Bu Hannah’nın en nefret ettiği şeylerden biriydi.

Güneş Tanrısı Kilisesi ve Papa tarafından kullanıldığı için gençliğinde sahte bir hayat yaşamak zorunda kalmıştı.
Daha sonra Arm tarafından kandırılmış ve sırtından bıçaklanmıştı.

“Kötü biri olabilirim ama…”

Hannah’nın kolları hiç güç kaybetmeden aşağı düştü. Kılıcı yerde sürünüyordu.

Kardeşi ve Cale’in grubu iyi insanlardı.
Ancak, o kötü bir insandı.
Hayır, o kötünün de ötesindeydi, korkunç bir insandı.

O en beteriydi.

“Hayır. Ben sadece kötü değilim, son derece kötüyüm.”

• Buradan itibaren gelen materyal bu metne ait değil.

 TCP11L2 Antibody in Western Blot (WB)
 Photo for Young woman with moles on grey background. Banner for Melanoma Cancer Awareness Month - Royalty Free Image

Kılıç hızla yerde hareket etti.
Hannah’nın kılıcı bir kez daha savruldu.

“İşte bu yüzden, sadece senin gibi p*çler öldüğünde iyi hissediyorum!”

Aurası ölü mana ile çarpıştı ve başka bir patlamaya neden oldu.

Baaaaaam-

Patlamanın tozu bölgeyi kaplarken Bernard’ın sesini duydu.

“Bazen, azınlık olan taraf, daha güçlü bireylere sahipse, savaşı kazanabilir.”

Mary’nin içinde kötü bir his vardı ve siyah aurayı parmaklarında dolaştırdı.

Hannah, Mary’ye yaklaştı ve ayaklarına biraz güç verdi.

O anda oldu.

Pat! Bam! Bam!

Bazı sesler duydular.
Bazı şeylerin birbirine çarpma ve kırılma sesiydi.

“Lanet olsun!”

Cale başını çevirdi ve kaşlarını çatmaya başladı.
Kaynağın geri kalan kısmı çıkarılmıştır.